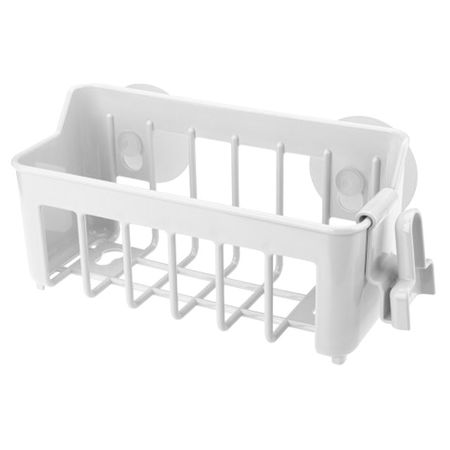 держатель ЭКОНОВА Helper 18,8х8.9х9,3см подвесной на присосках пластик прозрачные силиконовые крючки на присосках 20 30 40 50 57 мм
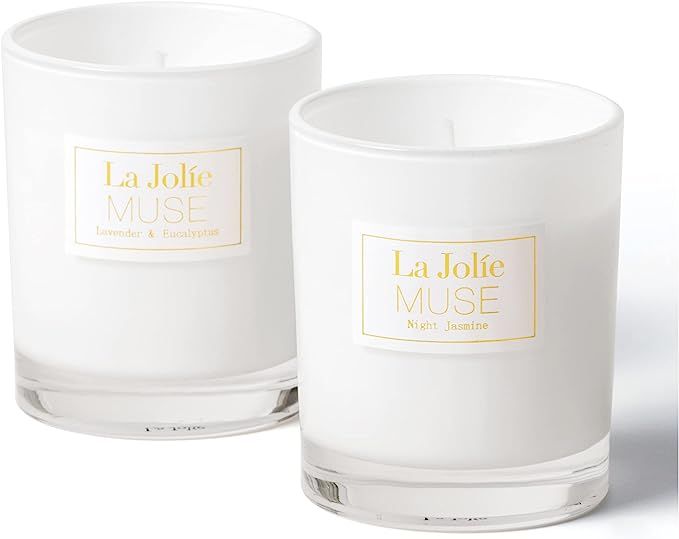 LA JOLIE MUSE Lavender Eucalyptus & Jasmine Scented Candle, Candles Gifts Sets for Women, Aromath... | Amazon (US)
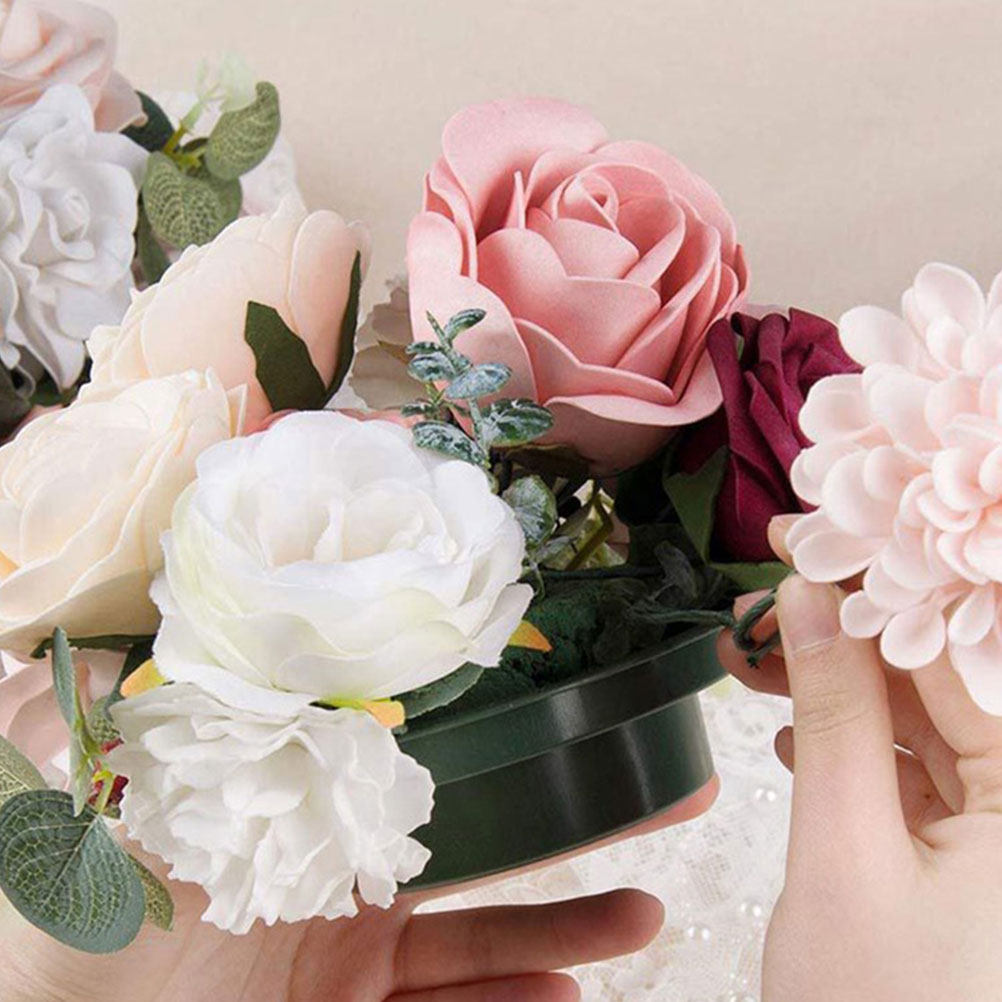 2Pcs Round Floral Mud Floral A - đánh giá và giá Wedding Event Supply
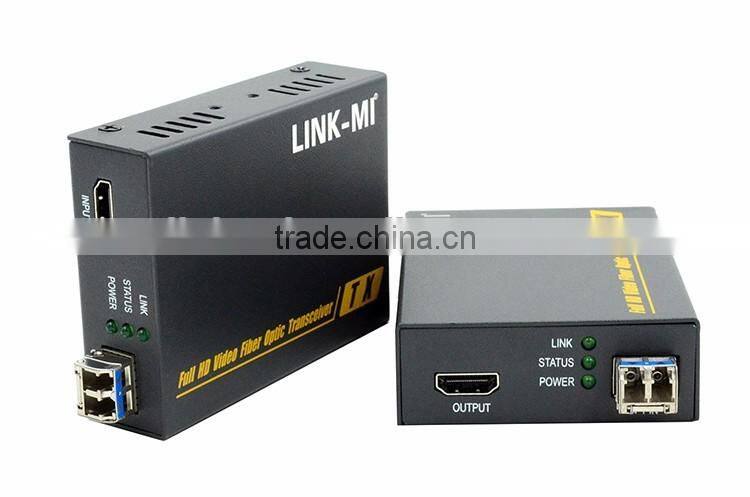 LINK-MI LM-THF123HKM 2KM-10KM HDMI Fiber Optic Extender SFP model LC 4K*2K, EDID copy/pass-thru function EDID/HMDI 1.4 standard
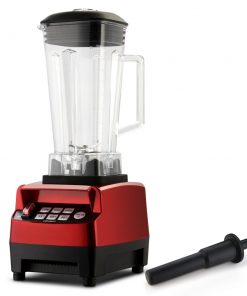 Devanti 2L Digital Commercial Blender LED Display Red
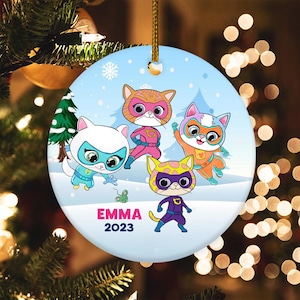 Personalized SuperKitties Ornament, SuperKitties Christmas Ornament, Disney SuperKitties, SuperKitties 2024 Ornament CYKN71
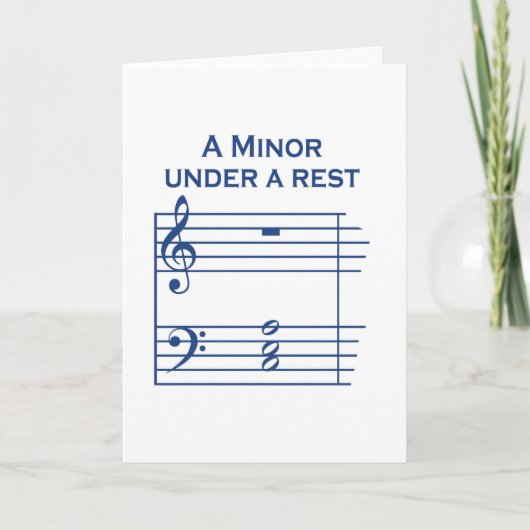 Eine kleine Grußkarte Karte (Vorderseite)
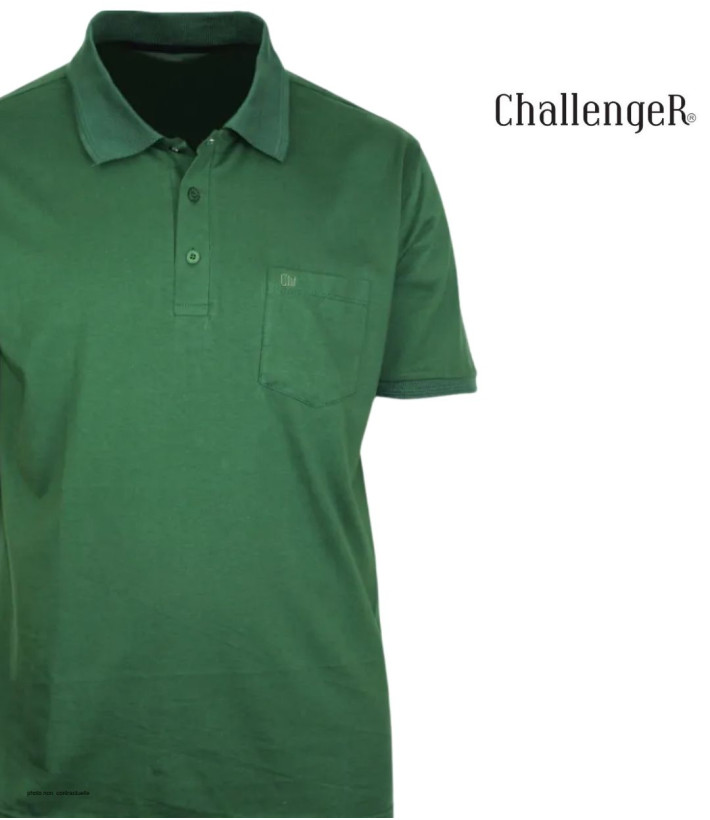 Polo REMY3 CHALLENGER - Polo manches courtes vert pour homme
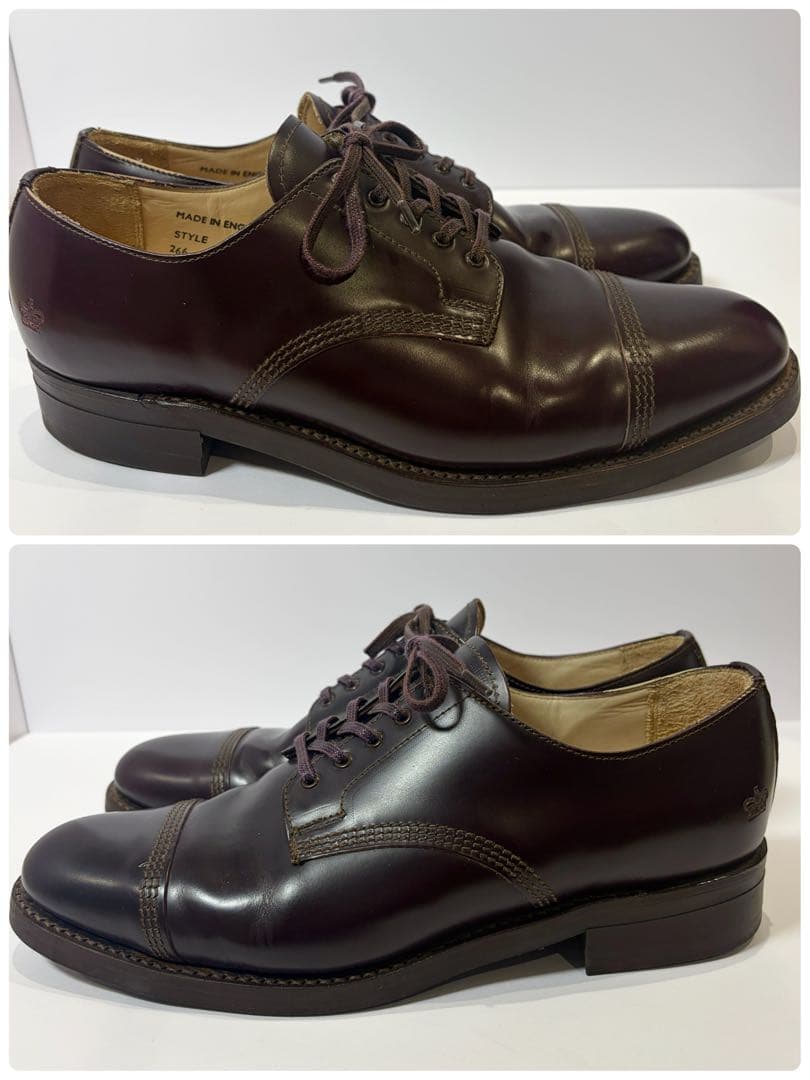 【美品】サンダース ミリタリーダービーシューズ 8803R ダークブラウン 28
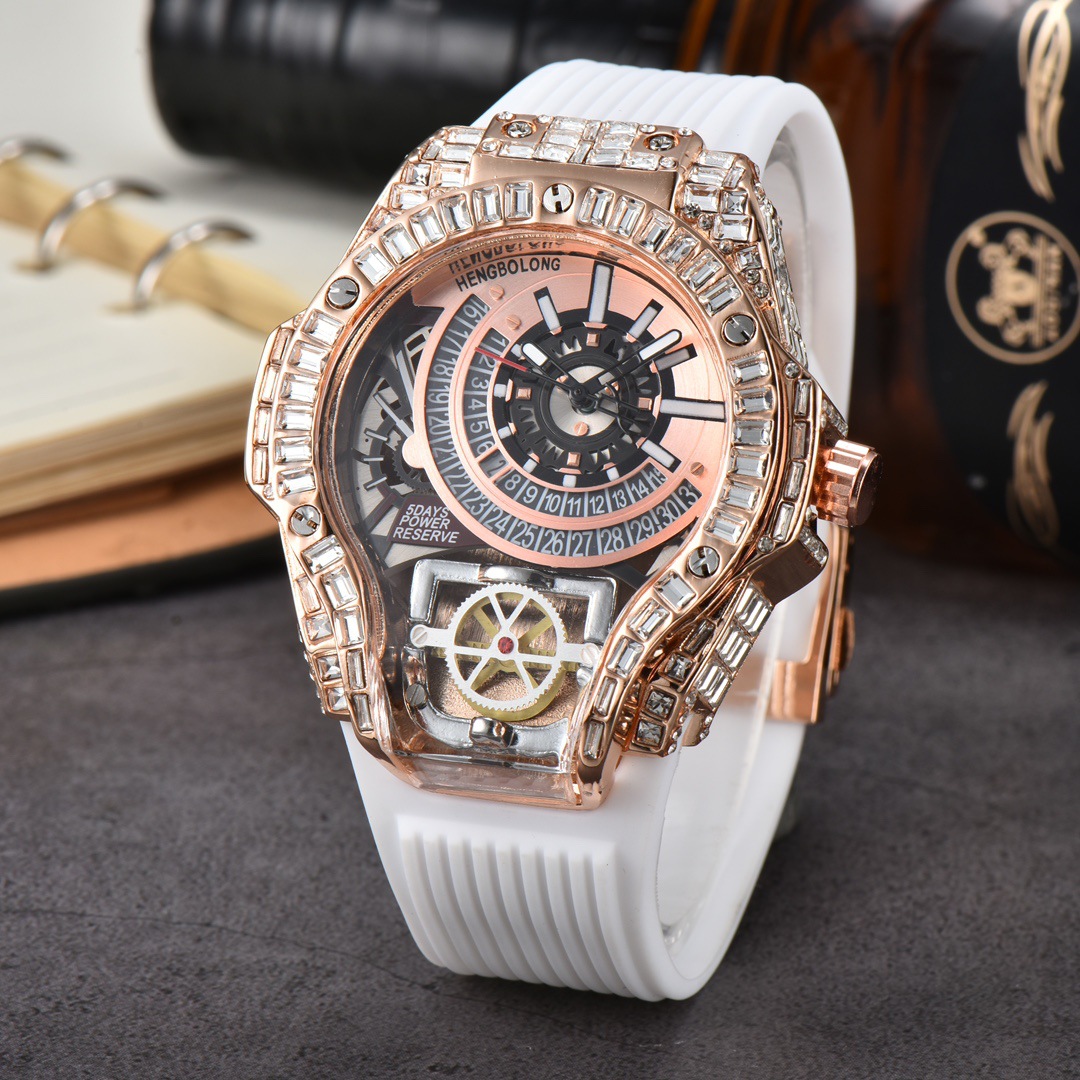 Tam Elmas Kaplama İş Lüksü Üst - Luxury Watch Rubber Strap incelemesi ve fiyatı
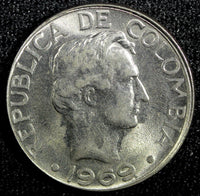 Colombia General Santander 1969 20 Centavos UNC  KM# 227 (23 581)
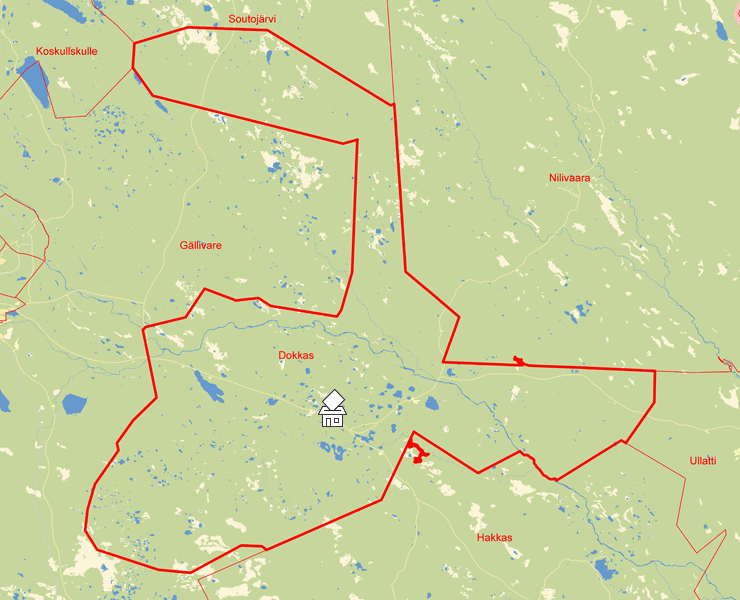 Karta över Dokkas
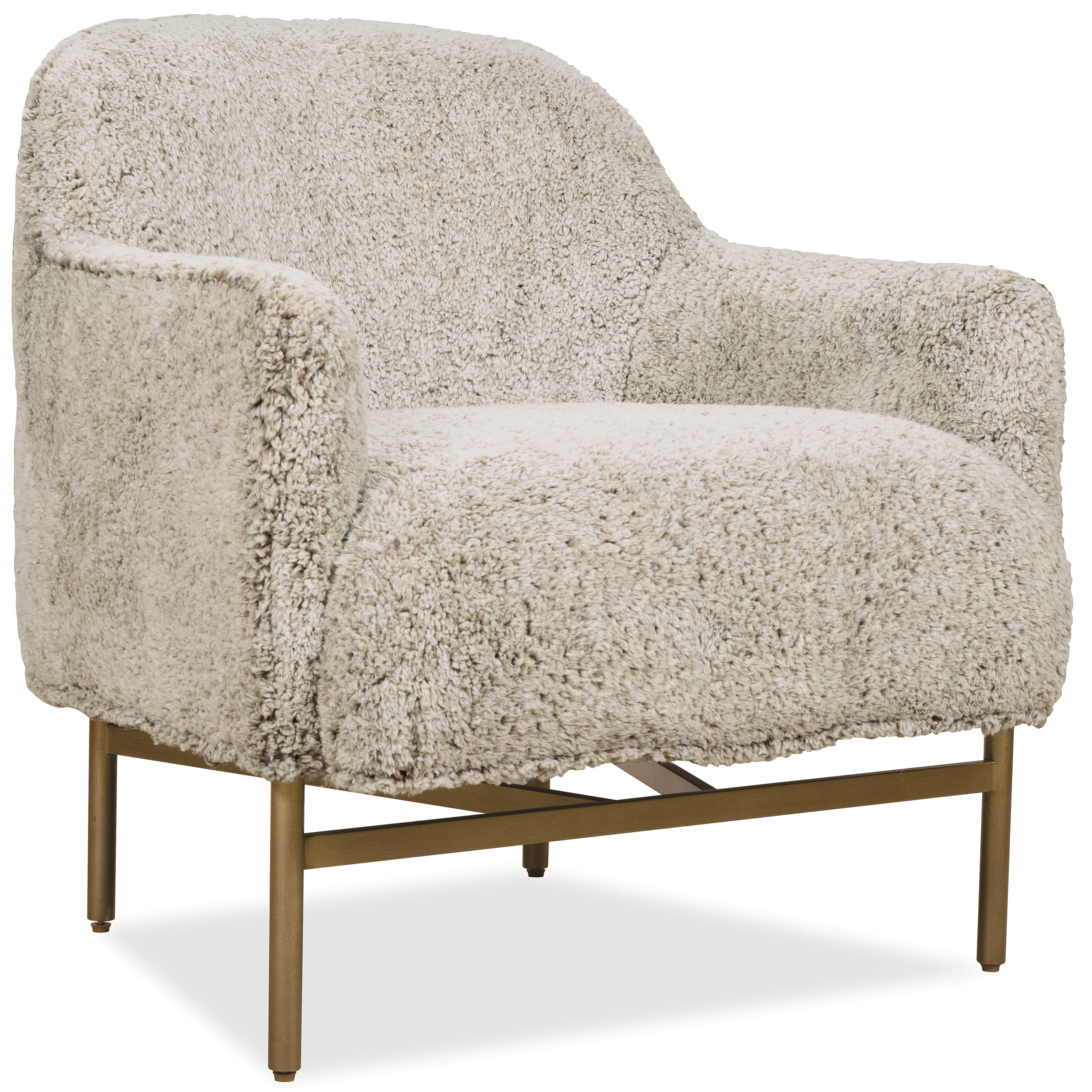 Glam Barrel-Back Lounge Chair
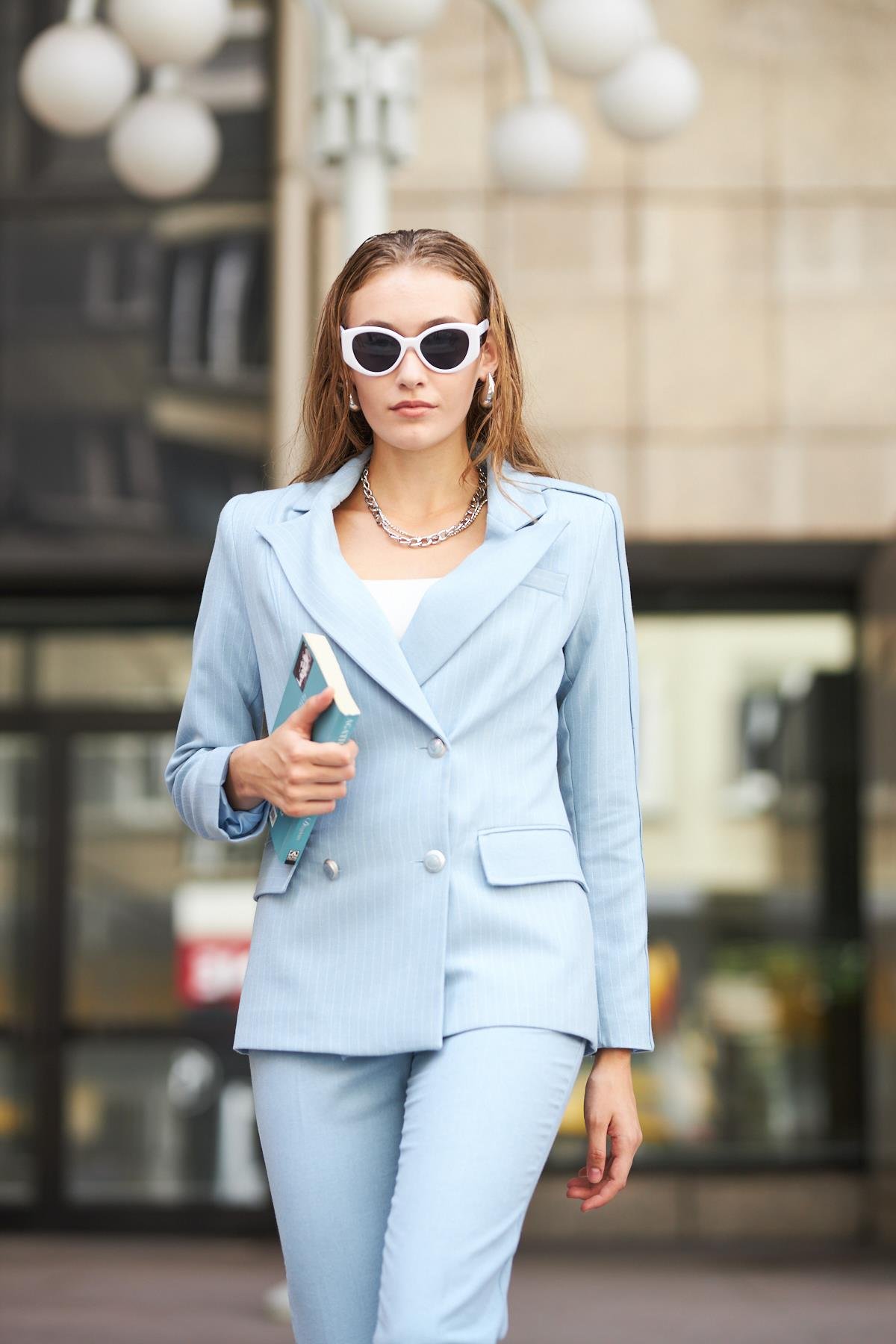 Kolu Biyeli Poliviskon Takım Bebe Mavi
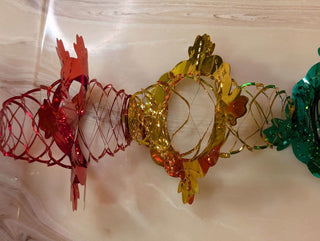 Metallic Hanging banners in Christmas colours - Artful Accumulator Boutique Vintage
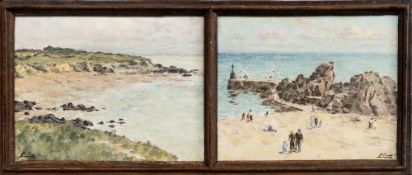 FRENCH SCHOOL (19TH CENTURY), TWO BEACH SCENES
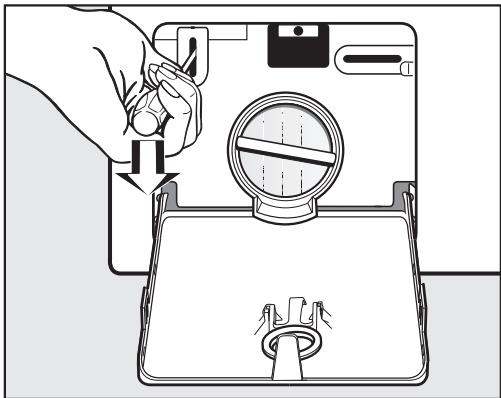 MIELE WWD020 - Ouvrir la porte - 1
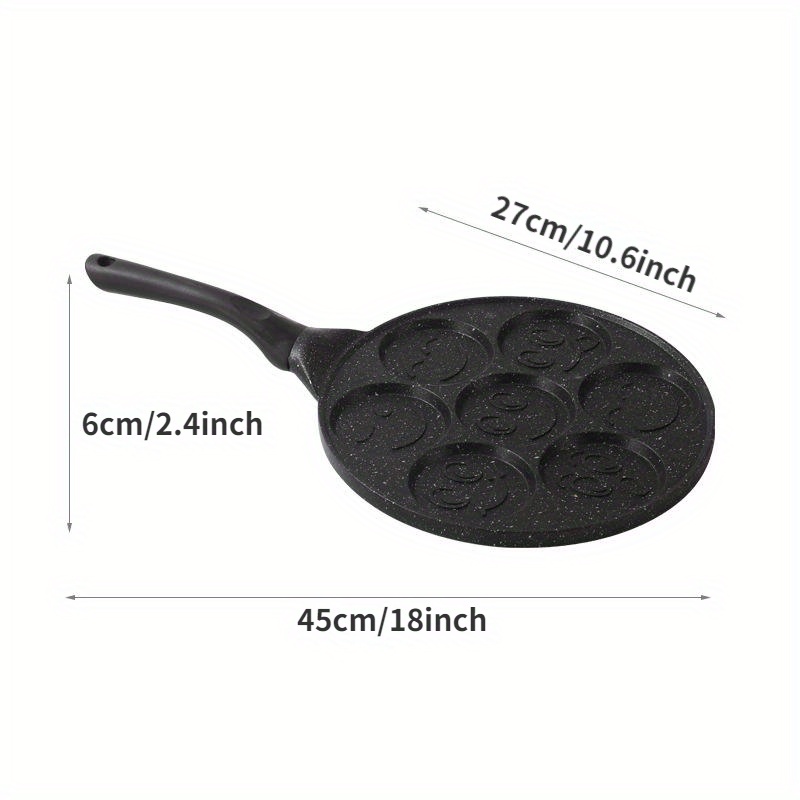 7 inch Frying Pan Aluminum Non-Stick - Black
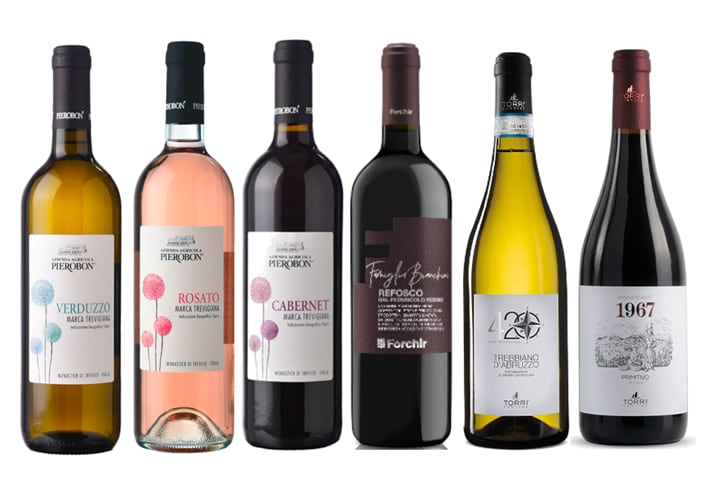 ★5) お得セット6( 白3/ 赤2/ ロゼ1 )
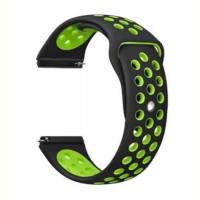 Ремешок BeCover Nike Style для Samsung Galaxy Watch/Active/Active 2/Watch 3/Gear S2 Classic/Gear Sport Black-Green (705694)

★ ★ ★ ★

Assignment: Everything from the line holding "Metallic Hanging banners" through the last line of the listing should be written out exactly, except for the pictures.

Solution to the exercise:
 Metallic Hanging banners in Christmas colours - Artful Accumulator Boutique Vintage
 FRENCH SCHOOL (19TH CENTURY), TWO BEACH SCENES
 MIELE WWD020 - Ouvrir la porte - 1
 7 inch Frying Pan Aluminum Non-Stick - Black
 ★5) お得セット6( 白3/ 赤2/ ロゼ1 )
 Ремешок BeCover Nike Style для Samsung Galaxy Watch/Active/Active 2/Watch 3/Gear S2 Classic/Gear Sport Black-Green (705694)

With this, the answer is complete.